Bruno Morency, an advisor and investor through Techstars, had been with Patrick through much of the navigation, helping him think through the negotiations and the moments of uncertainty. “Bruno really, really helped me a lot during fundraising,” Patrick said. The visible part of fundraising is the pitch; the less visible part is the person in the corner helping you figure out what to do next, and Patrick is someone who is honest enough about what he doesn’t know to go find those people.
“It’s like a long sales cycle,” he said, “and you’re knocking on hundreds of doors and you just have to knock on one and find somebody who has conviction. It’s all like dating, right? You meet somebody for 15-30 minutes, and you know if they’re leaning in.”
Ski Crash
Three years before the seed round closed, in 2022, Patrick crashed on a ski slope and fractured his femur badly enough that paralysis seemed possible. He recovered. The bone healed, and continues to ski on the weekends.
But something recalibrated in the accident’s aftermath, in the weeks of recovery and the months that followed. Patrick had started Maket in 2020 and had been building it for two years when it happened. He was the same person after the crash that he had been before it, curious, optimistic and energized by design and by the problem he was trying to solve. But the crash gave him a counterweight to the ambition, a second truth to hold alongside the first. “Every day is like a plus-one bonus for me,” he said.
What he means by this, in the context of building a company, is nuanced enough to be worth unpacking. He is not saying that the accident made him less ambitious, or that the brush with paralysis made him indifferent to outcomes. He is saying that it forced him to hold two truths simultaneously, the truth that what he is building matters and demands everything he has, and the truth that no amount of what he has can guarantee the outcome, because the fragility of life does not negotiate with ambition. “No matter how hard you build,” he said, “there’s a certain element of just luck and right place, right time and blessing, whatever you want to call it, that determines some of the paths.”
His father’s advice during the dark periods of building Maket would draw directly from decades of ministry experience, to give yourself three-month marks. Set a start time, check in at three months, see where you are. If you still feel like quitting, allow the feeling but don’t act on it. Then do it again. “It would be the same thing of when he was in ministry,” Patrick said. “He would just always take a reassessment.” The advice sounds simple but it is structurally very good, because it takes the chaos of a difficult stretch and turns it into a data collection exercise. You are not deciding whether to quit; you are deciding whether the evidence at a specific checkpoint supports continuing. That reframe saved Patrick more than once.
Fun as a Moat
Patrick has been building Maket since 2020, which is a long time to be doing something that started, by his own admission, as a guess. The guess was that AI could do something for architecture, interior design and floor plan generation that had never been done before, that there was a market of homeowners, builders, real estate developers and agents who were underserved by existing tools, and that the combination of distribution and technology could unlock something large. Five years in, with a V2 about to launch, a seed round closed, 30,000 sign-ups per month, and 50,000+ users waiting for the next version of a product they were already using, the guess looks increasingly like a thesis.

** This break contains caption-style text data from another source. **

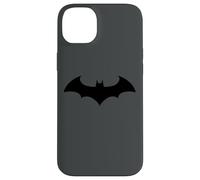 Batman Hush Logo Coque pour iPhone 14 Plus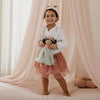 Knuffelprinses - Evi
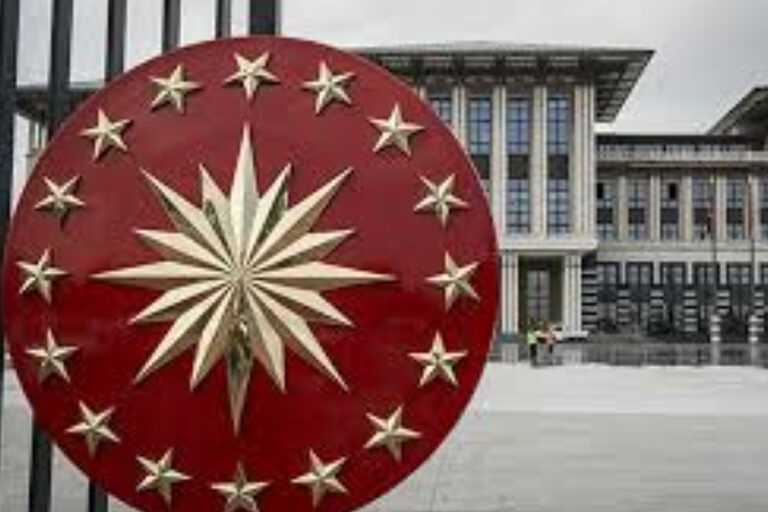 Tasarruf sözde kaldı: Saray’ın harcaması 1 ayda 3’e katlandı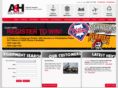 ahequipment.com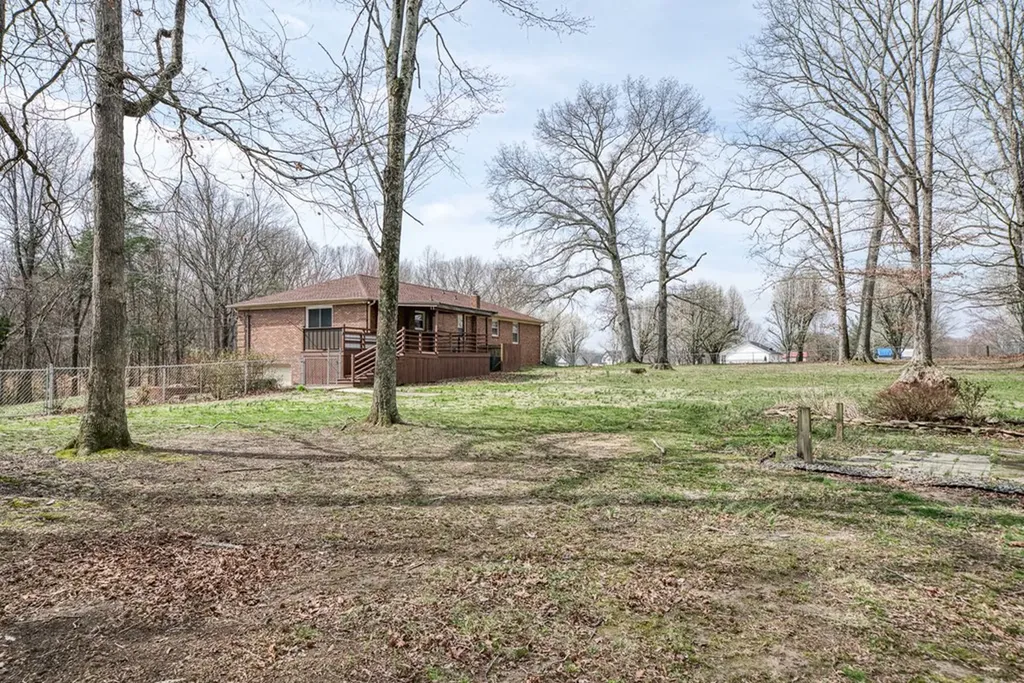 1615 W Whitehall Road Cookeville TN 38501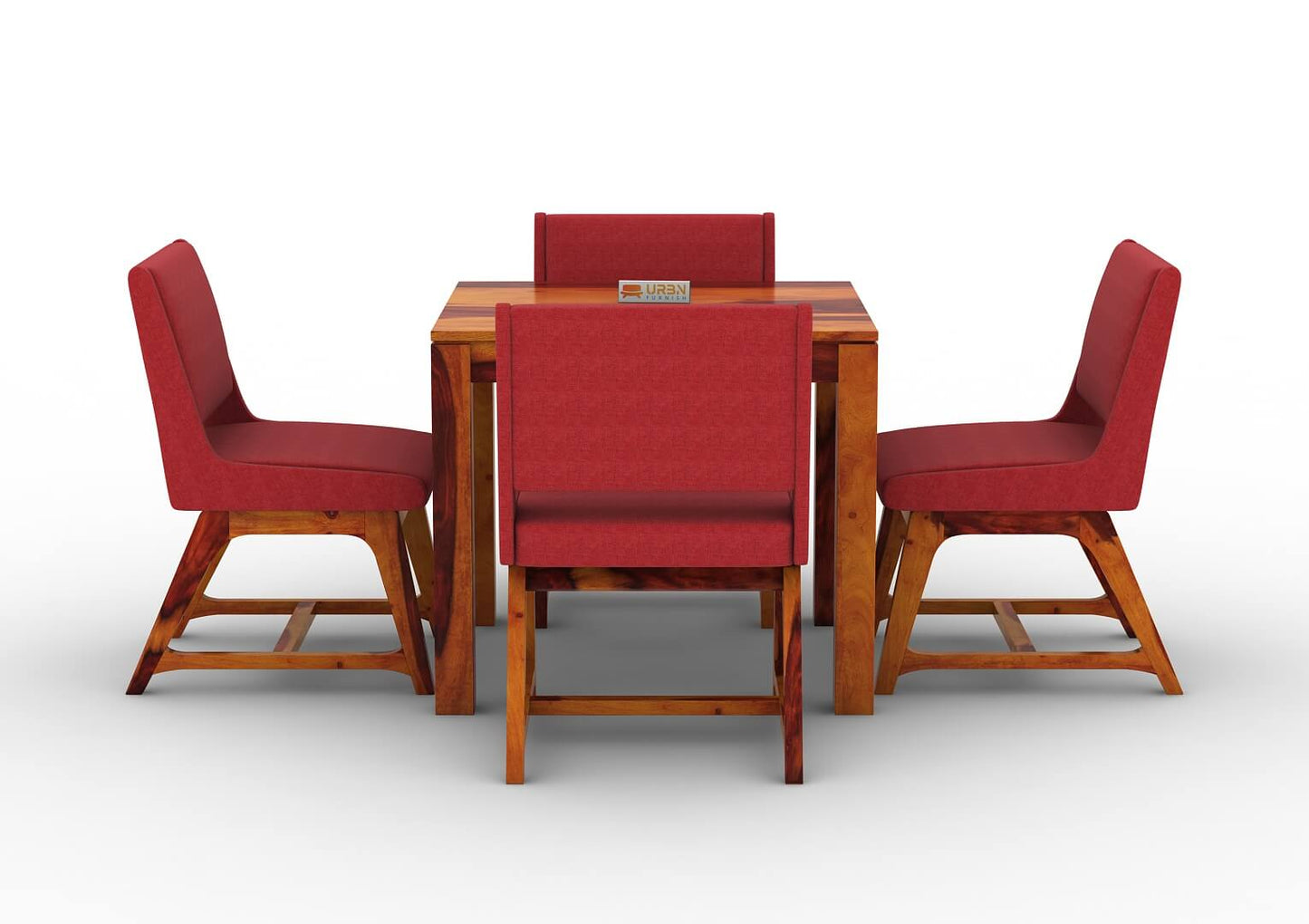 Maple-4-Seater-Dining-Set-Honey-Red_2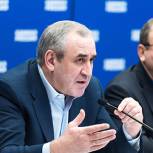 «Единая Россия» соберет глав своих фракций на форум в августе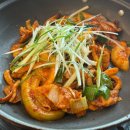오삼불고기 - 영천시 호국로 458-1 | 기흥롯데아울렛맛집 고매마루 직화 오삼불고기 후기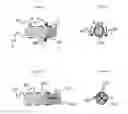 Fig. 14 - Optical projection tomography microscopy (OPTM) for large specimen sizes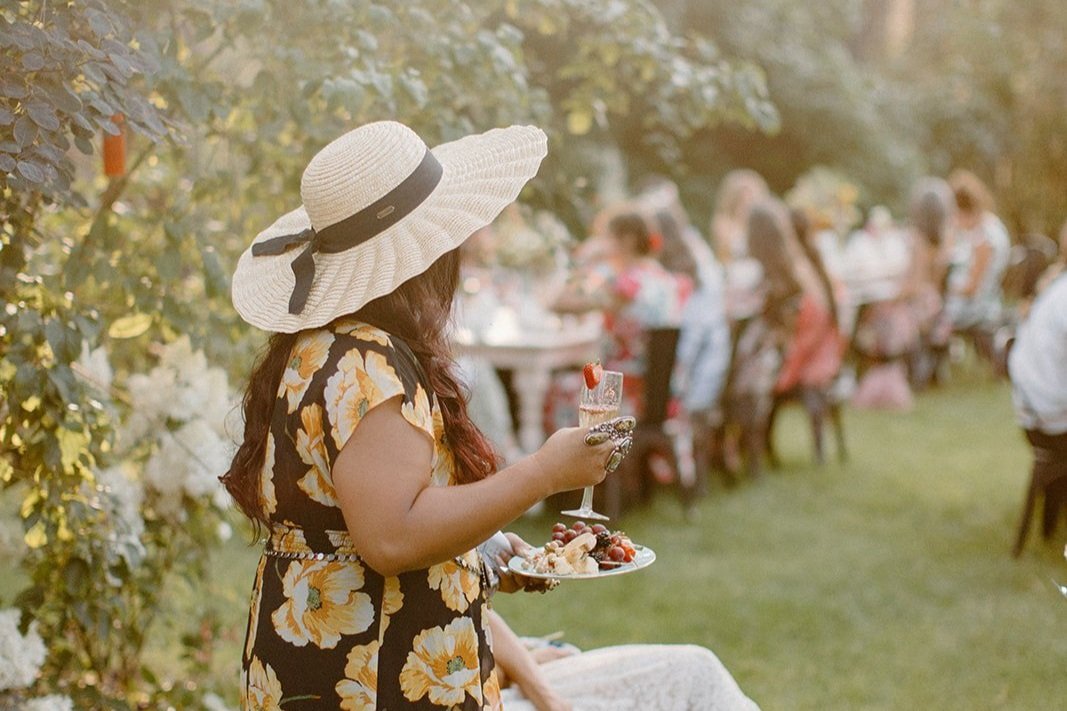 Garden Party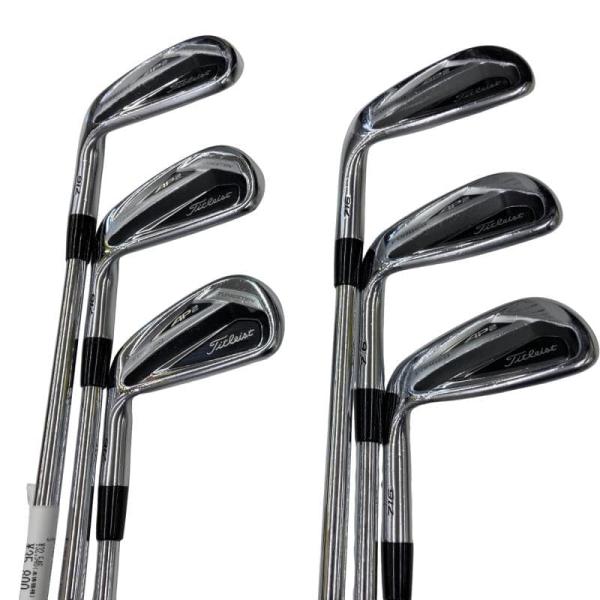 Titleist（タイトリスト） Titleist AP2 716 6S レフティ アイアン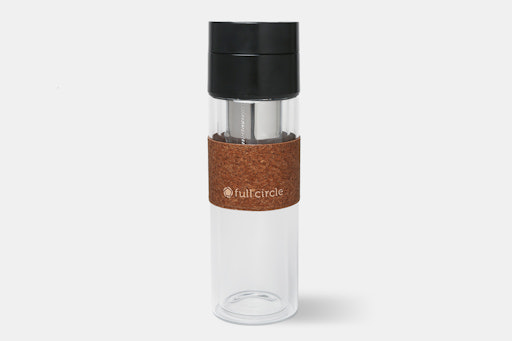 Brumi Pour Over Hot/Cold Brew Bottle
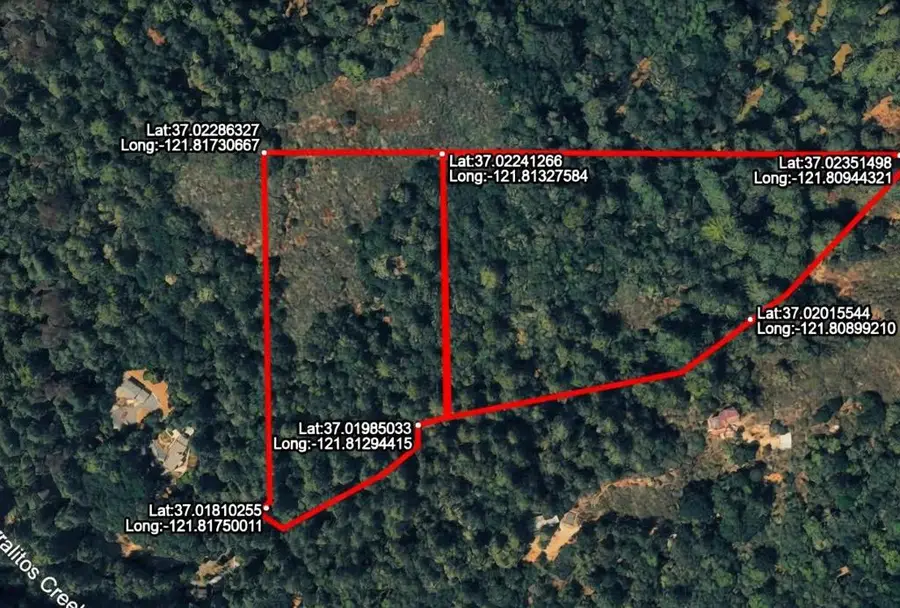 0 Shadow Creek, Corralitos, CA 95076 - #3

His competitive advantage, as he sees it, is that he is having fun. He quoted a tweet to that effect, couldn’t remember exactly who wrote it, but felt it described him accurately enough to repeat. As competitors have multiplied in the generative design space, the fun has acquired a sharper edge. He is nice, he said, but also very competitive, and when he sees a competitor doing something, his instinct is to figure out how to counter it. The fun and the competitiveness are not in tension; they are the same thing, because he is playing a game he has chosen and cares about, rather than one he has been assigned.
He has resisted the pull of San Francisco, not without understanding what it offers, but with a specific argument against it that a mentor once made to him, that building in Montreal, with less access to capital and therefore a slower ramp, meant that when the technology matured enough to match the ambition, the company had not yet spent all its money chasing a vision the market wasn’t ready for. The slower ramp had been, in retrospect, a form of protection.
He believes Montreal is due for a rise on the global stage, that the concentration of AI talent and the quality of the institutions feeding it create the conditions for something significant.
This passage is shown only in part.